═══ Available records
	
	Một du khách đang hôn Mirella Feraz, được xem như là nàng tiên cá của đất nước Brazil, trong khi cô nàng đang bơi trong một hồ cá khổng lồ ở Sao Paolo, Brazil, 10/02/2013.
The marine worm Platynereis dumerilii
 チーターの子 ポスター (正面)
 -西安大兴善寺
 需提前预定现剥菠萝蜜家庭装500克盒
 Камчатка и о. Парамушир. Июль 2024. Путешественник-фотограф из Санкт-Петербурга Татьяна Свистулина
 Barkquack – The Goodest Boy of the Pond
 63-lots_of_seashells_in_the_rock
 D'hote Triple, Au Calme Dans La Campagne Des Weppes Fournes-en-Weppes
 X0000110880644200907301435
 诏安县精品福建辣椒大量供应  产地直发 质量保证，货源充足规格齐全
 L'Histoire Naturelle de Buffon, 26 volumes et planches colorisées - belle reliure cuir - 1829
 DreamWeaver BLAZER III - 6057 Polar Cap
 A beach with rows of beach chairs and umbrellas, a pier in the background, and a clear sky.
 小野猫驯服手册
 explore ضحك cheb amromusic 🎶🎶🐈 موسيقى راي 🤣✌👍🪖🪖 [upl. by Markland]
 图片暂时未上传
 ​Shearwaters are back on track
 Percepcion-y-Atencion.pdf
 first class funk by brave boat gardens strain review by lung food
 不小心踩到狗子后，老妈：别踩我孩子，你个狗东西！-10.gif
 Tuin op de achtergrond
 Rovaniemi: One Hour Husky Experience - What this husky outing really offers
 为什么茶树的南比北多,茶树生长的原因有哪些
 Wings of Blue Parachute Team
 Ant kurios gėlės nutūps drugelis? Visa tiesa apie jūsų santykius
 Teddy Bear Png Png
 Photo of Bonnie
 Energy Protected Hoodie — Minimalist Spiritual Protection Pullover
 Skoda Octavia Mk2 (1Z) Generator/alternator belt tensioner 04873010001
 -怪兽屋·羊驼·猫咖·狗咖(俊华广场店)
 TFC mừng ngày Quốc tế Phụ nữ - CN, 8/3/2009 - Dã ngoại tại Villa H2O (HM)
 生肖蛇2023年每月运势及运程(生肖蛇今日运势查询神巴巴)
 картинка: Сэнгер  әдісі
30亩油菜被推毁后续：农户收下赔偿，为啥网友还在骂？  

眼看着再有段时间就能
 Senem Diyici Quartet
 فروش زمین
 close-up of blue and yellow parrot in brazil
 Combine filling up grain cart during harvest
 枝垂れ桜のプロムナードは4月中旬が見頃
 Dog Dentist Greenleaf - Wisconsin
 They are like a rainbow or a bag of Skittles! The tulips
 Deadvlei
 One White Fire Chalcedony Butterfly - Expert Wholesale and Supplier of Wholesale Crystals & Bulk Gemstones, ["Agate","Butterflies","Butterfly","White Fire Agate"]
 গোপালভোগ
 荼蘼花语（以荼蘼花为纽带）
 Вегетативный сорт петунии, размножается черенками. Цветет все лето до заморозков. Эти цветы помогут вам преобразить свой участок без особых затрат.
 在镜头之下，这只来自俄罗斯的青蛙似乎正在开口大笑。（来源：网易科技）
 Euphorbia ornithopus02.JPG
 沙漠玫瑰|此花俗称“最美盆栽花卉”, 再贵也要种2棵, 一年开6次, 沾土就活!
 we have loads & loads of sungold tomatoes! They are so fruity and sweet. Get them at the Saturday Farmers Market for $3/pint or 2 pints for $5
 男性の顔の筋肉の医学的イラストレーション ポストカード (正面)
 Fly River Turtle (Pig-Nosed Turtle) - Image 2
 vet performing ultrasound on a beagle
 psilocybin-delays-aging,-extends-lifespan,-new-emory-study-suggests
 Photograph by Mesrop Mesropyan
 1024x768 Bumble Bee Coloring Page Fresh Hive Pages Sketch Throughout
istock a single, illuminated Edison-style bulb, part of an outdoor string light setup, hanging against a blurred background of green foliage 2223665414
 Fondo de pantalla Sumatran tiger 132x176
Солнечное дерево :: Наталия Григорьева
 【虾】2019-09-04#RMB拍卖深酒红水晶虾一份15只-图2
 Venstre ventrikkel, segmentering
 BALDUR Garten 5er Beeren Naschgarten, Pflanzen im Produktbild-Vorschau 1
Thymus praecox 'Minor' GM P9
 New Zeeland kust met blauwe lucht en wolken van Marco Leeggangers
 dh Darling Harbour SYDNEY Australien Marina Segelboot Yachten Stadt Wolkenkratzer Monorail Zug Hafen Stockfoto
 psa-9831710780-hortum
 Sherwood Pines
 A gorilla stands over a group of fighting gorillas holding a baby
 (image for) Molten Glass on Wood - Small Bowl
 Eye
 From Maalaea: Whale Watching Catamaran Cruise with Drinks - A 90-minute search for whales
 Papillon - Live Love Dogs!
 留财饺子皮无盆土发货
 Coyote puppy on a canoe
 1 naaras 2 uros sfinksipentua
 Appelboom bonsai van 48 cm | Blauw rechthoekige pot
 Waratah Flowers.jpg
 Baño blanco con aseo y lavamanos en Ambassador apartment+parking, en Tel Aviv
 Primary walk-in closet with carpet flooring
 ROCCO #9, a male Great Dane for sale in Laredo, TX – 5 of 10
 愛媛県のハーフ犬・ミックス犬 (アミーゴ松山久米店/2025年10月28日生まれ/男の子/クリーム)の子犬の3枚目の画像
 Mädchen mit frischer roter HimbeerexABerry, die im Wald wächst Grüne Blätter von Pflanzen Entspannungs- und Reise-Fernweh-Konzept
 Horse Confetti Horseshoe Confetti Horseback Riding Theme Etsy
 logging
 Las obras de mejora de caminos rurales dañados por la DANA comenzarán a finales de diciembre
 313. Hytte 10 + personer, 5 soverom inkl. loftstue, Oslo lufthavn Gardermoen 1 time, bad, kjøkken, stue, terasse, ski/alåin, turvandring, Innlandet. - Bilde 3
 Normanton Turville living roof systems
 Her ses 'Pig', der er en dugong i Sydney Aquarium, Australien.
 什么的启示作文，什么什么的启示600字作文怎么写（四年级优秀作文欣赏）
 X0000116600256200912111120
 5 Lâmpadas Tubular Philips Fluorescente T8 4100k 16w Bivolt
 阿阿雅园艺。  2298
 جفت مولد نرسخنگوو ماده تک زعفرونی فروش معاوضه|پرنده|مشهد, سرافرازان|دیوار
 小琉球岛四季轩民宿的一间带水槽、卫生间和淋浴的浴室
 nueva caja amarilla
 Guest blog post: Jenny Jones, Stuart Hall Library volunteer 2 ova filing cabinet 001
══════
Problem details =
Only the lines above that hold "They" are wanted. Show every one of them.

Completed exercise =
 They are like a rainbow or a bag of Skittles! The tulips
 we have loads & loads of sungold tomatoes! They are so fruity and sweet. Get them at the Saturday Farmers Market for $3/pint or 2 pints for $5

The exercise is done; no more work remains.